## Task data
════════
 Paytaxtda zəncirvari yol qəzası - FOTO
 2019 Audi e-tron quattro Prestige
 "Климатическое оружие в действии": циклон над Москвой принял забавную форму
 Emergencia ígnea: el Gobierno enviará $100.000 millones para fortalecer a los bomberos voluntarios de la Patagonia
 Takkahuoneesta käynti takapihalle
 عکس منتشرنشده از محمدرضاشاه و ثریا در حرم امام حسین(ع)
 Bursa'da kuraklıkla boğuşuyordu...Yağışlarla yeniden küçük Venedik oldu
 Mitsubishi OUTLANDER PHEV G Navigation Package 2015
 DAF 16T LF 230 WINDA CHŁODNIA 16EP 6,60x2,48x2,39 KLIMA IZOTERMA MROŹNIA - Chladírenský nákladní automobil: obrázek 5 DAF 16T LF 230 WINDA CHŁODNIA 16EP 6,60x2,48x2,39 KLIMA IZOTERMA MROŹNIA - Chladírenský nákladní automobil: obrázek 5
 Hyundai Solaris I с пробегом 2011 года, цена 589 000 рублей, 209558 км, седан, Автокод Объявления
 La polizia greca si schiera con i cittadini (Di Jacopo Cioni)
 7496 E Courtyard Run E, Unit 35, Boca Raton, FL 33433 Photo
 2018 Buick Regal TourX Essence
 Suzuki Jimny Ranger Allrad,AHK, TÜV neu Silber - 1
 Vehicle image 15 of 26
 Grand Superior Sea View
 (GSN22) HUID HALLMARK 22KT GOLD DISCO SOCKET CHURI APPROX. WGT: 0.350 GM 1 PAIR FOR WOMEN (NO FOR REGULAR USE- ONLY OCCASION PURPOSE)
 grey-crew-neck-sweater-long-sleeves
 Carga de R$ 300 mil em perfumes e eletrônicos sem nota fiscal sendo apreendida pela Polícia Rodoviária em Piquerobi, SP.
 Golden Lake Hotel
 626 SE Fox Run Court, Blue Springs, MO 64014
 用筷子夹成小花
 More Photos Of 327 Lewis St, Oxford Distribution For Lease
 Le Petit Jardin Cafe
════════
## Problem to work on
Take the line holding "626 SE Fox Run Court, Blue Springs, MO 64014" and all lines after it through the end of the data, and set them down exactly.

## Answer area
 626 SE Fox Run Court, Blue Springs, MO 64014
 用筷子夹成小花
 More Photos Of 327 Lewis St, Oxford Distribution For Lease
 Le Petit Jardin Cafe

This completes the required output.